What Tommy might not have told you so far, and neither have I, is that Peggy had been talking, not just to Peter, but to the Major too, and had been showing things, not just to Peter, but to the Major too. Not things that were true, of course, but things the Major might think were true. Things he might think were true if, what we wanted him to think were true, were convincing enough for him to think they were true.
They were things to show him what Peter was planning to do, to upgrade his security. To be more secure from the things Tommy might do, to redress the things he’d done to Tommy. To protect him ‘round the clock’, and to protect him with professionals, more than one professional. So Peggy showed things to the Major, showed him letters that Peter wrote. Letters to Mitchell WWSS, America’s Munroe & Sons. They were things she showed the Major letters to and letters from. Peter’s plans to replace him. Replace him and then discard him. Maybe send him back to jail.
There were other letters too. Letters to the nursing home in Windsor. Letters to release the Major’s daughter from their care. Letters to have her returned to the NHS home for the elderly in Leeds.
That’s why the air was ‘electric’.
I knew they were armed, both armed. I knew that, not because I was a woman who could tell things and know things about men, but because I could see the usual bulge in the left armpit of the Major’s jacket and I knew it was where he always carried the gun he always carried and Peter would have known he always carried and would have expected him to always carry. There was no point in having a bodyguard, if he didn’t carry a gun.
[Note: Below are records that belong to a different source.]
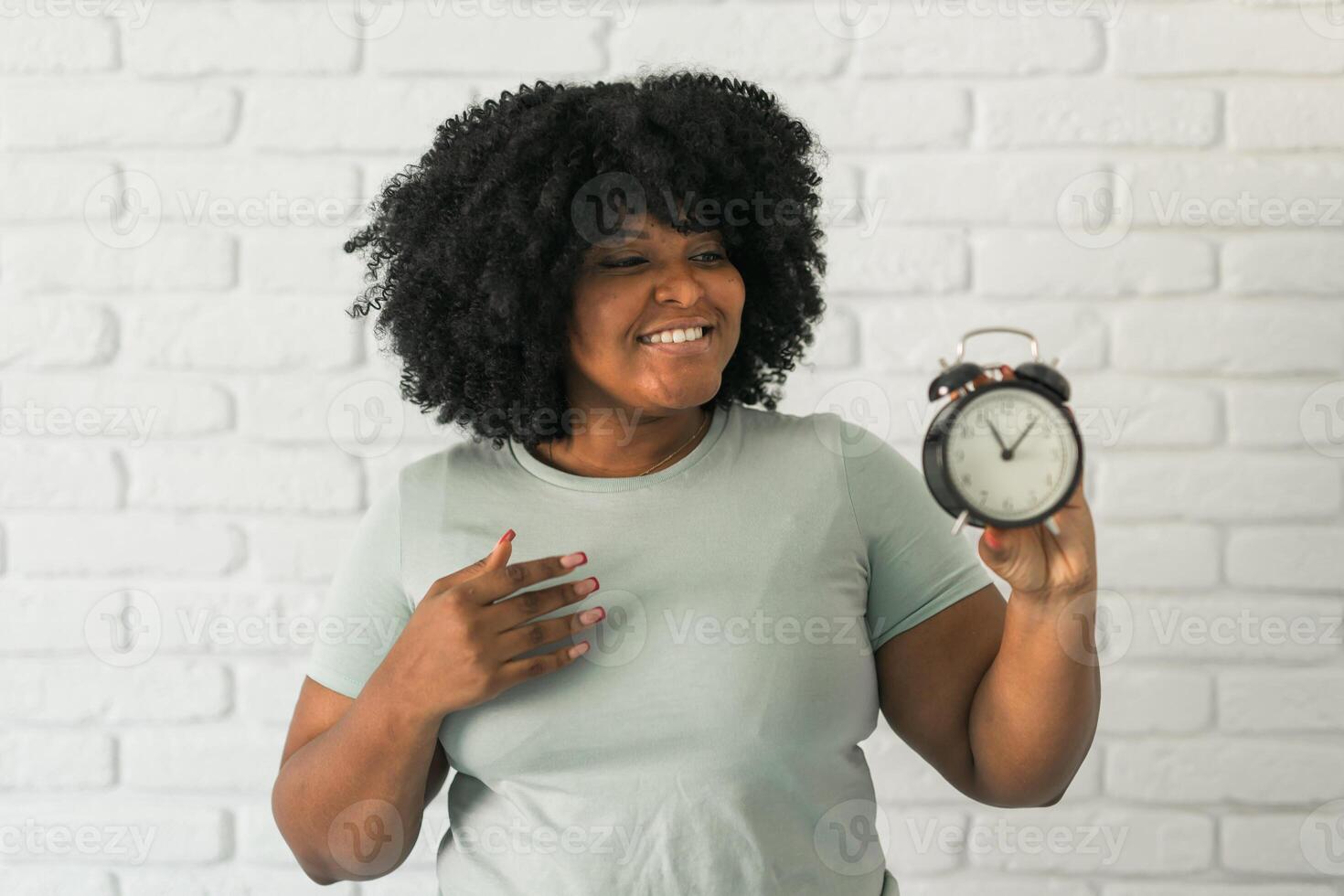 Surprised african american woman holding alarm clock amazed with open mouth and surprise happy face at home, on brick background. Being late and time passing quickly concept photo
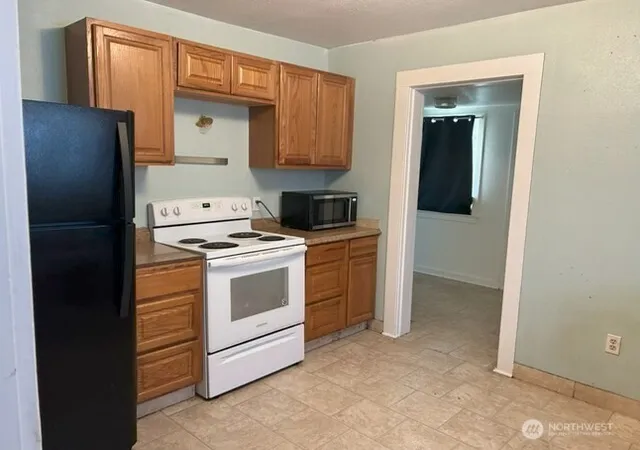 Photo 3 of Single family home for sale at 310 S Birch St, Omak, WA 98841 | MLS# NWM2591596 | Listing updated on 2026-10-07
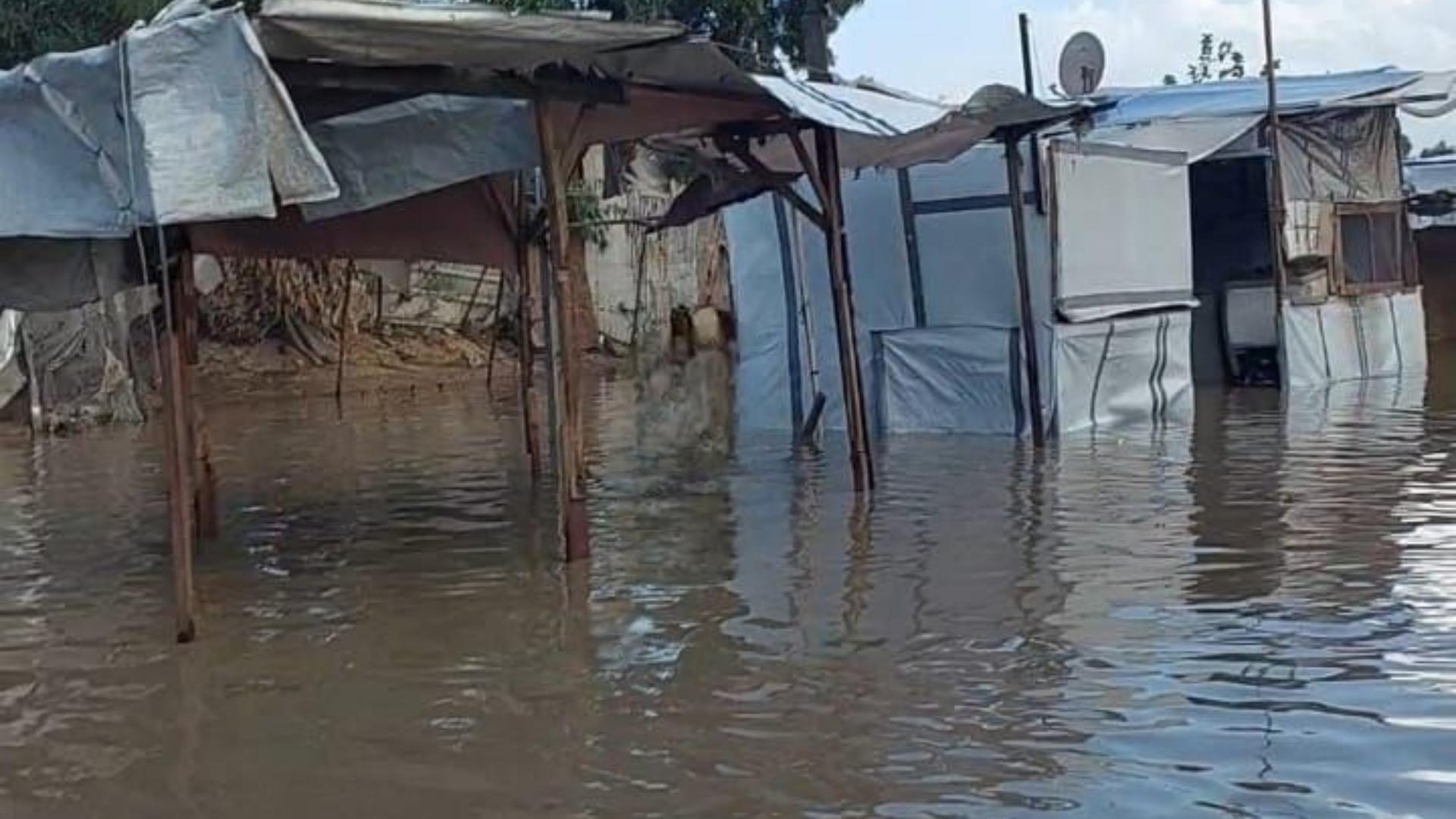 Photos: Storm turns camps into swamps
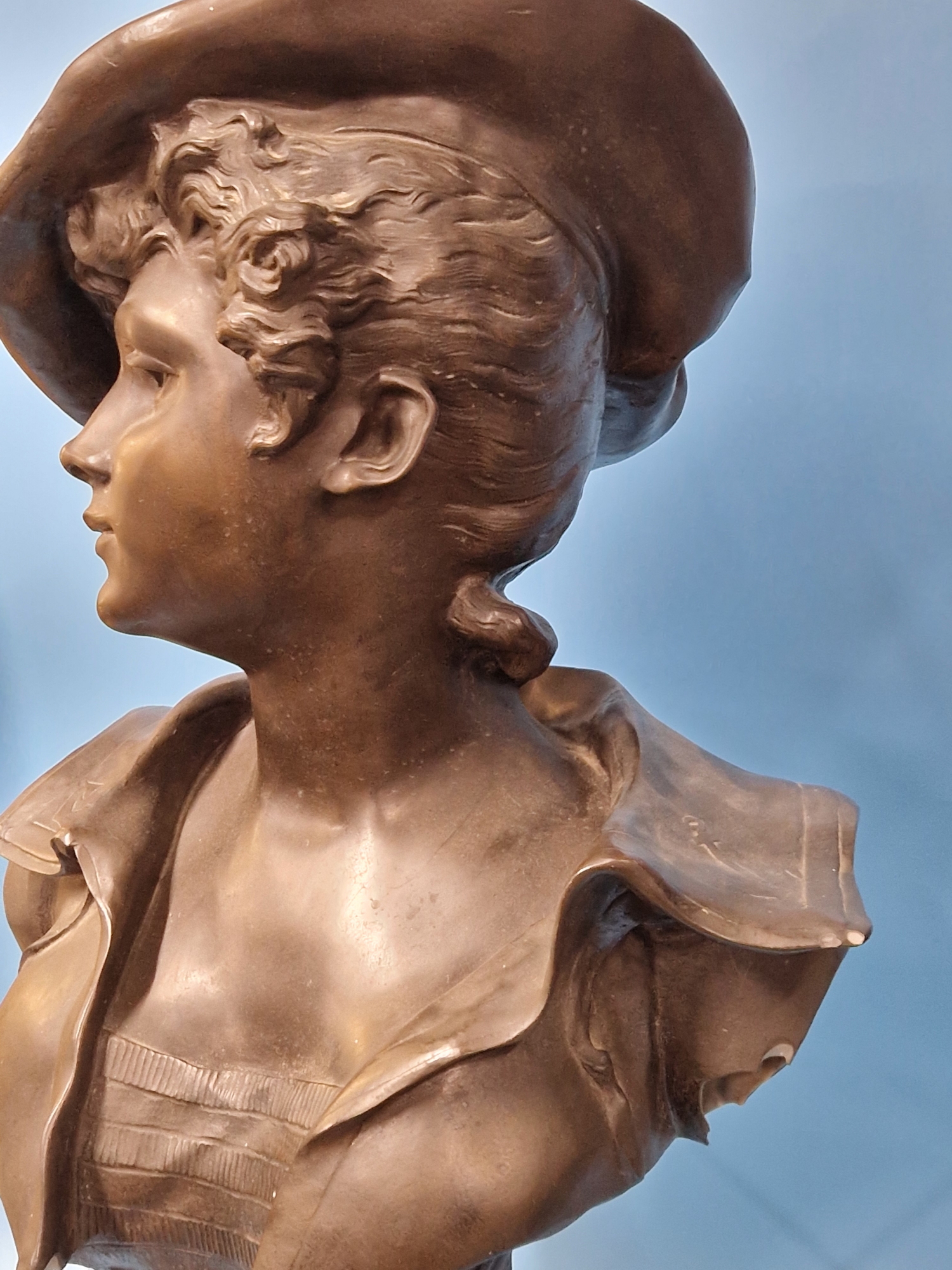 A BRONZED COMPOSITION BUST LABELLED LA CANOTIERE PAR DUTRION, SHE WEARS A CAP AND HAS ANCHORS ON THE - Image 9 of 10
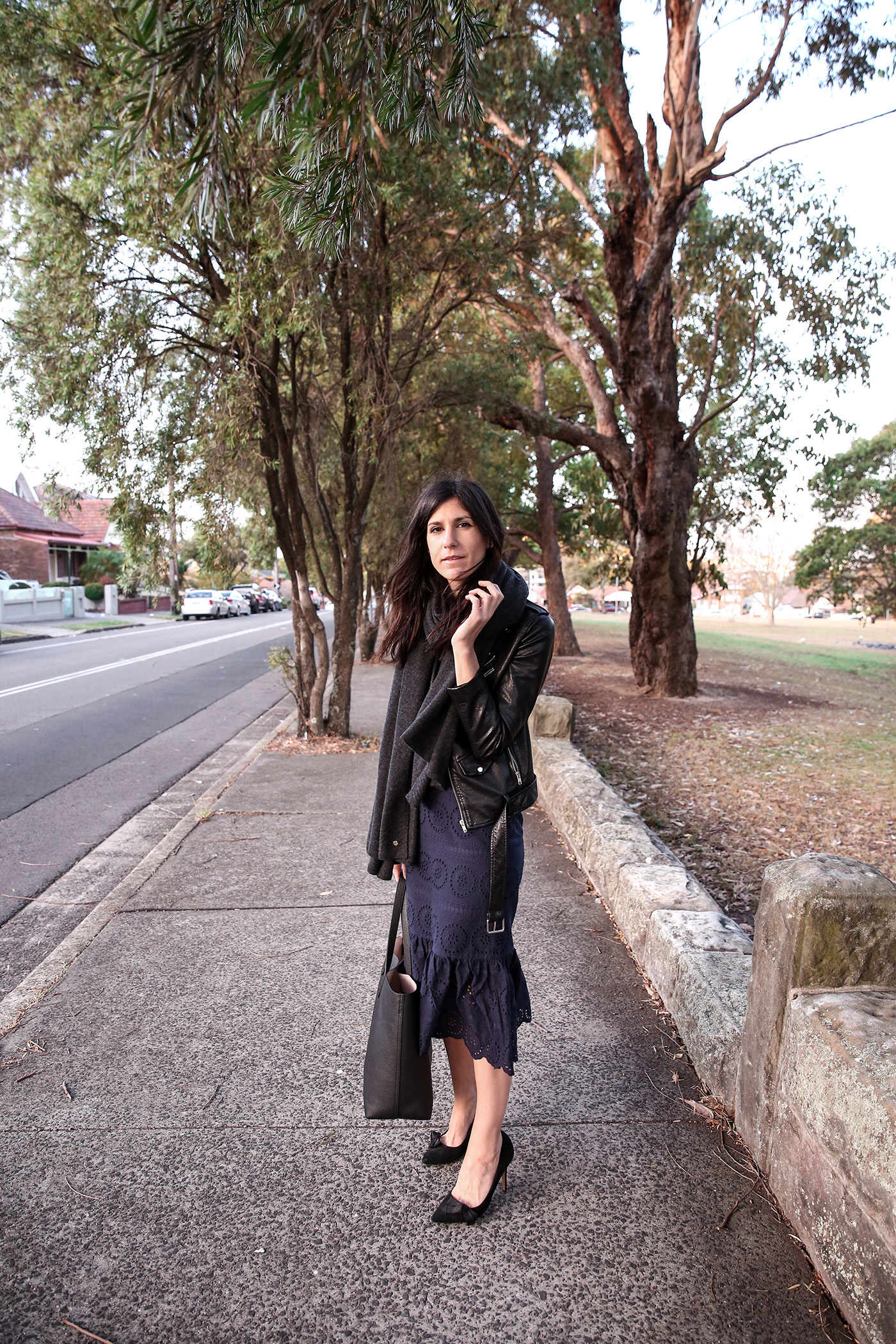 Workwear outfit wearing a navy broderie anglaise skirt for autumn and winter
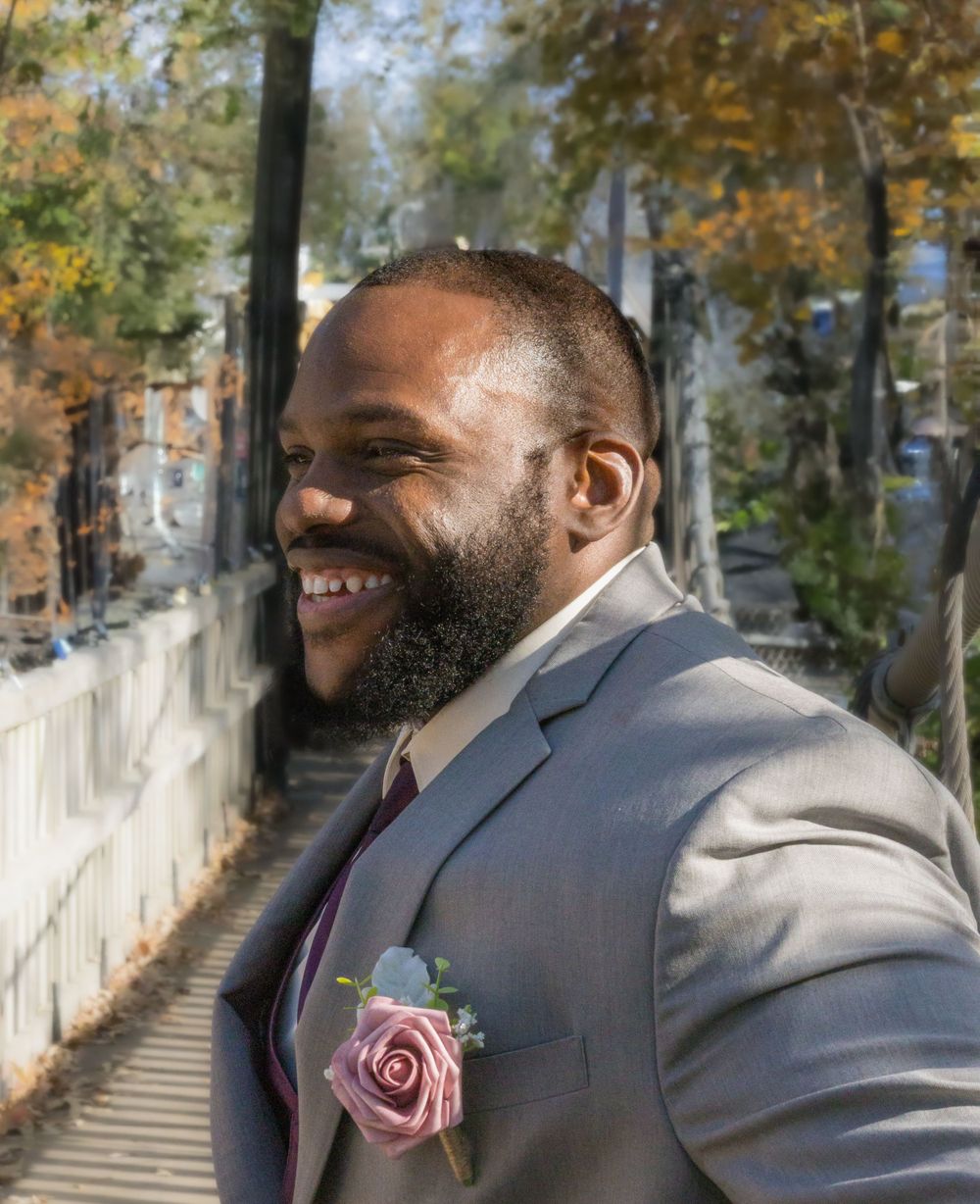 A cheerful groom in a grey suit with pink boutonniere poses on an autumn bridge.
So, the Major was easy, but Peter was easy too. Peter was easy because Peter was a vain man and a well-dressed man and would never, not normally, have allowed his jacket to be pulled so out of shape, as it was by the revolver, I think it was a revolver, that he had in his right jacket pocket. I never knew Peter to carry a gun before. He hadn’t needed to carry a gun before, because he had the Major to carry a gun for him. So, why was he carrying one now? I thought, I hoped, I knew the answer to that.
So, what was going to happen? I didn’t know. I don’t think they did either. After all the years they’d spent together, and after all the low and nasty things they’d done together, the low and nasty bonds that bound them, they can’t have had any misconceptions about what the man across the table was like, or the things the man across the table was capable of doing. Of what sort of a man he was. I didn’t either. So, I did what seemed to be the right thing to do, I filled their wine glasses. I went to the French windows and walked out onto the terrace. Peggy
followed me out. It was like the terrace at Tommy’s where I’d had so many of the good times in my life. Peggy turned on the down-lights and we sat on the sofa and waited for the men to join us. I knew that joining us was what they would do, not because I knew things about men, but because they always joined us on the terrace after dinner.
I sat on the sofa with Peggy and looked out to sea. I looked out across the lawn and out across the sea. We chatted about unimportant things. We tried to look relaxed when relaxed was the last thing, either of us, could possibly be.
There were two shapes on the lawn. They looked like the Dobermans I hated, as much as I loved Henry and Maggie. Men like Peter kept Dobermans and men like Tommy kept spaniels. That explains all the differences between them.
Do certain kinds of men buy certain kinds of dogs, or do the men who buy certain kinds of dogs become like the certain kinds of dogs they buy? Or is it the other way around? Do angry men breed angry dogs, or do angry dogs breed angry men? Who knows? All I knew was that Tommy would never own a Doberman and Peter would never own a spaniel.
The shapes on the lawn were the Dobermans, but they weren’t really. They were the dead Dobermans, and they were dead because their livers were ruptured. Their livers were ruptured because of microwaves from a boat far out to sea. A boat we couldn’t even see.
Peggy told me about, because Tommy told her about, because Iain told him about, microwaves and what microwaves could do, if the dial was turned to ‘max’. It was then that I knew it would be over tonight.